I think we started hearing about keeping our uncooked meats and their juices away from other foods perhaps 20 years ago. At first I didn't believe it was necessary. But I did more investigation and read stories in newspapers and magazines and was convinced to keep raw meats and other foods separate. Does she remember the salad bars that were contaminated, causing many people to be ill and some to die?
Perhaps you could give her a book about home sanitation. Many of the newly published cook books include that information. I think the booklet one studies to take the food handlers exam might have enough info in it for her. Do you help her cook? Could you arrange to be the one who handles the meat or the other food. That could keep them seperate
Here's another concern that I read about recently. That when we flush the toilet germs are scattered outside the toilet. We don't see them but scienctists have done tests and say the bathroom floor has more germs than the kitchen floor. I think that was the comparison. Also women's handbags are germ attracters because we aren't careful where we set them down. MOst of us put them on the floor. Then we come home and set them on the table or the counter. Many more germs than what we pick up on our hands.

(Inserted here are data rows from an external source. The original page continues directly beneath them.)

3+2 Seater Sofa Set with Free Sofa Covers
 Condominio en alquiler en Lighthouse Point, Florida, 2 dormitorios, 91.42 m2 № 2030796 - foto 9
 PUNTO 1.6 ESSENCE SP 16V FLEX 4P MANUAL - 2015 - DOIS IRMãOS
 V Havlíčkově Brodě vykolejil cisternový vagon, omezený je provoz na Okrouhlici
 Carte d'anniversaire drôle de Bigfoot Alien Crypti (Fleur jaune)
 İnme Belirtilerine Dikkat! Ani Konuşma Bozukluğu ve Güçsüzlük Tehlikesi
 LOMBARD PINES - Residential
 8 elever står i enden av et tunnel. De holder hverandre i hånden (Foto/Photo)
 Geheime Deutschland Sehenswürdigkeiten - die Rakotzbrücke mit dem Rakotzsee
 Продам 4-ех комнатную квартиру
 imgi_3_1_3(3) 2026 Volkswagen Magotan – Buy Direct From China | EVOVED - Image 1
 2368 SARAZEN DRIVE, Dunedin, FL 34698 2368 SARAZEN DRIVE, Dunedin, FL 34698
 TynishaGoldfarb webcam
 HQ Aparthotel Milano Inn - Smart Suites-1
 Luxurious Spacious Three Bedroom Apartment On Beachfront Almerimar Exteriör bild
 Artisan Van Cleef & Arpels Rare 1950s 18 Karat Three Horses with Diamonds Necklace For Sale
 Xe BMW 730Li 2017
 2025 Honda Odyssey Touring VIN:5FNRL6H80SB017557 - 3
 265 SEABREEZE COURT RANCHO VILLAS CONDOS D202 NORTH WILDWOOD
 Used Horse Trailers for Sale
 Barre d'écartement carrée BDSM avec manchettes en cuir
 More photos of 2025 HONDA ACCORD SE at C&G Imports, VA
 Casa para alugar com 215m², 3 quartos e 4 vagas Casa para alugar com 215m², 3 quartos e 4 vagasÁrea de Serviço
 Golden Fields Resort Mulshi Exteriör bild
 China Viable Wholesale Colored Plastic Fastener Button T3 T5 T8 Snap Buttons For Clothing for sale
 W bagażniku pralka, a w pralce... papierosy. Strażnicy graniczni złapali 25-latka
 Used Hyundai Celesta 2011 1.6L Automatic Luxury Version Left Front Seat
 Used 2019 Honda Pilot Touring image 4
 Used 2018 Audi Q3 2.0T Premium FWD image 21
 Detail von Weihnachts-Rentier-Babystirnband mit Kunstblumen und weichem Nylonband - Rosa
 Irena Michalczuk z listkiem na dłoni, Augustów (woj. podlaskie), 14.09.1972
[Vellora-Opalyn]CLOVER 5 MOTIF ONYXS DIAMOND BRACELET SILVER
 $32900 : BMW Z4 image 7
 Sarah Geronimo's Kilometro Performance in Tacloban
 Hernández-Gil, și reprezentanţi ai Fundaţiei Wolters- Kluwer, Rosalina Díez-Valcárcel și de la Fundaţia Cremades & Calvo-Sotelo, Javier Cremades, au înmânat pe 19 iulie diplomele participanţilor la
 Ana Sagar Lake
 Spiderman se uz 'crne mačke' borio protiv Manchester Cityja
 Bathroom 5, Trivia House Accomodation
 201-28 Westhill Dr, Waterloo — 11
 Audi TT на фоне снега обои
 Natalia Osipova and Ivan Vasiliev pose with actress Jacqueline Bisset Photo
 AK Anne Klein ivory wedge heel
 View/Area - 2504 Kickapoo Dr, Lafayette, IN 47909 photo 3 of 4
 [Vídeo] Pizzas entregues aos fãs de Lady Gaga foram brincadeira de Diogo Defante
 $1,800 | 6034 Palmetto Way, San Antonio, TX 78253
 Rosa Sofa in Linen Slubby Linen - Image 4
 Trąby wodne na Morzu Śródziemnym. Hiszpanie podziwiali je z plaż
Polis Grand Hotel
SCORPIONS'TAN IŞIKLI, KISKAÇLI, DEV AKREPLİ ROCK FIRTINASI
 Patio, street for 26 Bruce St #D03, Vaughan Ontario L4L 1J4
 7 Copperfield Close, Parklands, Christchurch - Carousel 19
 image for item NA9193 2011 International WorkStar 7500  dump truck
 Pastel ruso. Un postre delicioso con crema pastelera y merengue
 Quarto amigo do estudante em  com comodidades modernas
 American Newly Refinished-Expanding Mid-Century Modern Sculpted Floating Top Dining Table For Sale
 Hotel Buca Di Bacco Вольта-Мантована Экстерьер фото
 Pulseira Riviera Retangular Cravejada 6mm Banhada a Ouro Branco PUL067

Ssuggested remedies. Close the toilet lid before flushing. Guess that takes care of the seat up or the seat down fight.:):):) And, either don't set your bag on the floor or wipe it off with sanitary wipes.
As for small objects in the mouth; perhaps you could take some safe toys to your mil's house and leave them there for use during your visits.
I thinkk it's reasonable for you to be concerned and also reasonable that you find a way to educate her. I'd approach it in a light hearted manner. If she has a good sense of humor use humor. Start out not too serious but firmly enough that she knows it's important. Give her a lot of praise for raising those 6 children. Suggest that we just can't do somethings the same way that she did because the world has changed.
If after a concerted effort at education she still mixes up raw meat with vegetables tell her you'll come visit but you can't eat there. Emphasis how much you'll miss that.
I just remembered that I learned about meat and illness from a friend while she was helping me cook or I her. She said something like have you heard ..........talking about a specific information that she'd read about. Then we pulled out another cutting board.
If she doesn't wash her cutting boards in the dishwasher she needs to wash them with a bleach solution and let the solution sit on the board for a few minutes before rinsing it off. Or have consistent designated boards for each use. I like the idea of a package of different colored mats. They easily wash in the dishwasher. Perhaps at some point you could bring her a package of them. This may be a product that's new to her.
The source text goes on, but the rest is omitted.